Office and retail vacancies in the city’s central core continued to climb in the fourth quarter of 2020, according to a quarterly report released Thursday by the Urban Development Institute of Quebec and the Montréal Centre-Ville merchants association. The report, whose first edition was published in October, aims to paint a socio-economic picture of the downtown area.

The survey also found office space available for sublet had increased during the fourth quarter, which may foreshadow even more vacancies when leases expire. On the residential front, condo sales fell as new listings soared — a sign that the downtown area may be losing some of its appeal to homeowners.

“It’s impossible not to be preoccupied by the rapid increase in office vacancies,” Jean-Marc Fournier, the former Quebec politician who now heads the UDI, said Thursday in an interview.

Still, with COVID-19 vaccinations set to accelerate in the coming months, “the economic picture is bound to improve,” he said. “People will start returning downtown. It’s much too early to say the office market is going to disappear.”
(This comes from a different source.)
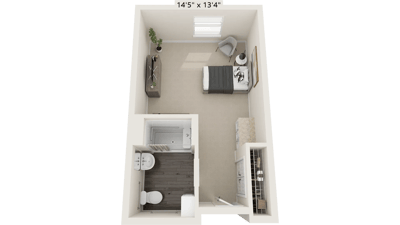 Layout of a private resident room with a bathroom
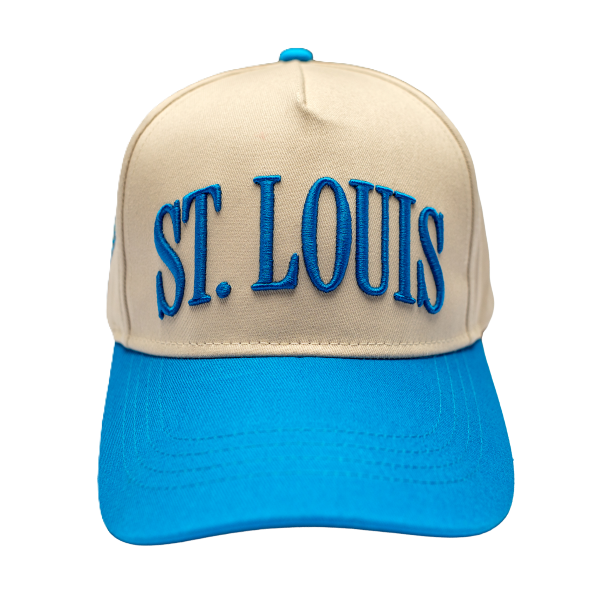 ST. LOUIS BLUES SERIES SIX ARCHED WORDMARK ADJUSTABLE HAT - CREAM/BLUE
Public health measures implemented since the start of the pandemic almost a year ago — such as caps on office capacity — have deprived downtown Montreal of more than 500,000 workers and students. A mere 4,163 university and CEGEP students attended in-person classes in the second quarter, the most recent period for which figures are available. Border closures and travel restrictions have also brought tourism to a standstill, hurting hotels and thousands of local businesses.

Seventy per cent of downtown workers carried out their professional activities at home more than three days a week during the fourth quarter, the report said, citing an online survey of 1,000 Montreal-area residents conducted last month.